Re: display URL source October 23, 2008 12:26PM |
Registered: 9 years ago Posts: 36 |
I have to say, I'm impressed with the design I see in HTMLPurifier, this has been pretty easy to jump into and understand, once I got pointed to the right spot.
Looking at this feature, I'm trying to figure out how to make it extendable for several different output types.
In order to do a tooltip within our framework, I need to set a class and id on both the anchor tag and the newly injected span with the URL. The classes are set, but the id would need to be unique. I can make a class that does that, but it doesn't seem like something that belongs in the source of HTMLPurifier. I could put a specific version in the Maia source too, of course, but I wonder if a more generic option would be of interest:
In the constructor for the injector, pass along either text parameters to add to the tags, or even a reference to a function that will return the text to put in the attributes. Or in other terms, instantiate the Iterator with callbacks to specify the modified attributes. If there's a better pattern I let me know, I'm still working on the GoF book. :)
Another option might be to have more configuration items, but that seems like clutter.
Re: display URL source October 23, 2008 01:51PM |
Admin Registered: 11 years ago Posts: 3,111 |
Hi notromda,
What you've done sounds really awesome! My apologies for the spam filter; I've reconfigured it and you should be able to post the patch here now.

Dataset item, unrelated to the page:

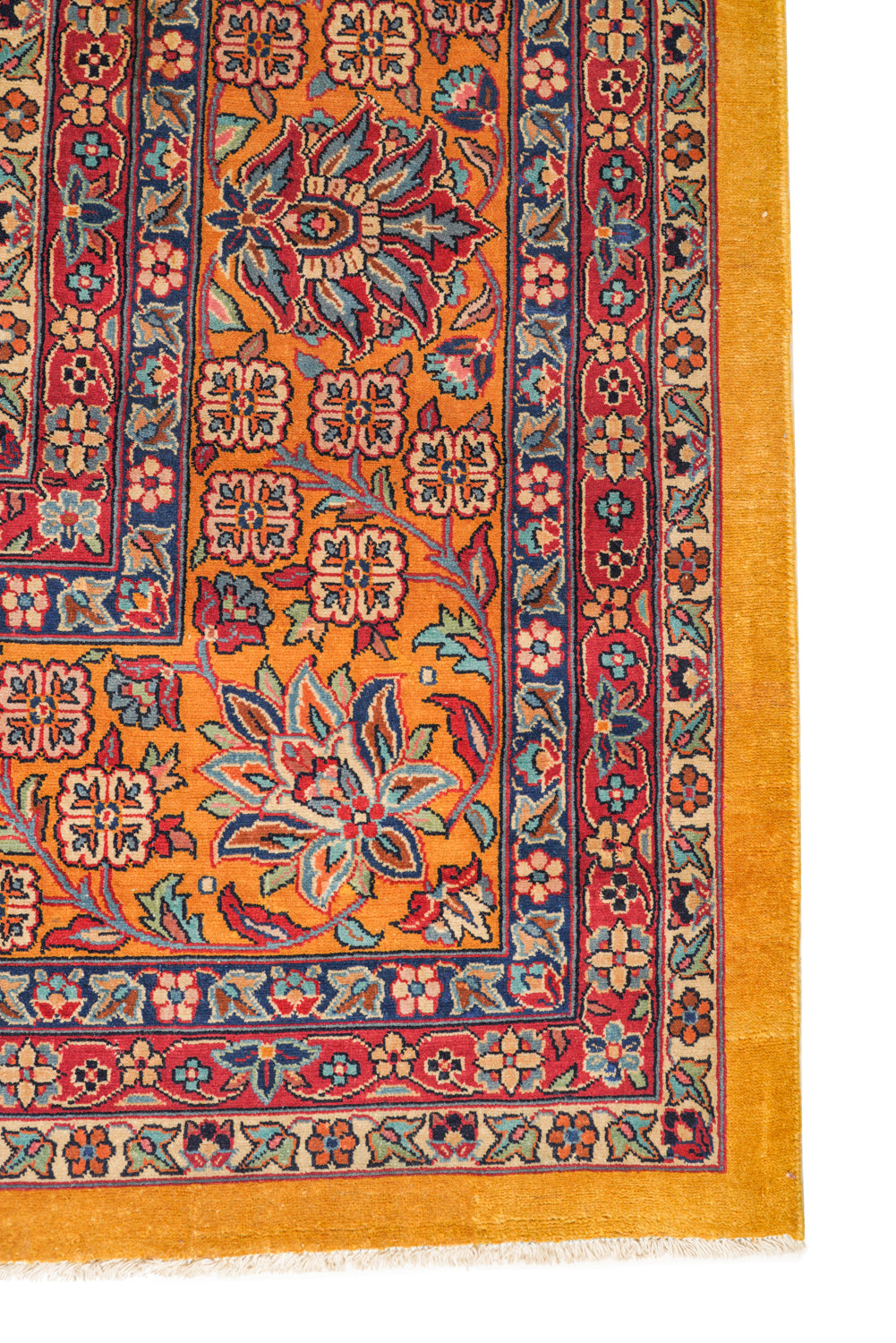 Antique Indian Agra Rug 18'4" x 15'8"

I followed the paragraph formatter example to use my class, but is that sufficient or do I need to add a configuration item?
$this->config->set('AutoFormat', 'Custom', array(new HTMLPurifier_Injector_DisplayLinkUrls()));
You should add a configuration directive for it, since I intend on adding this into the core. ;-)
I had not previously set AllowedElements, but when I do, (to allow a tags) it holds back a lot of others. Do I need to specify all of them?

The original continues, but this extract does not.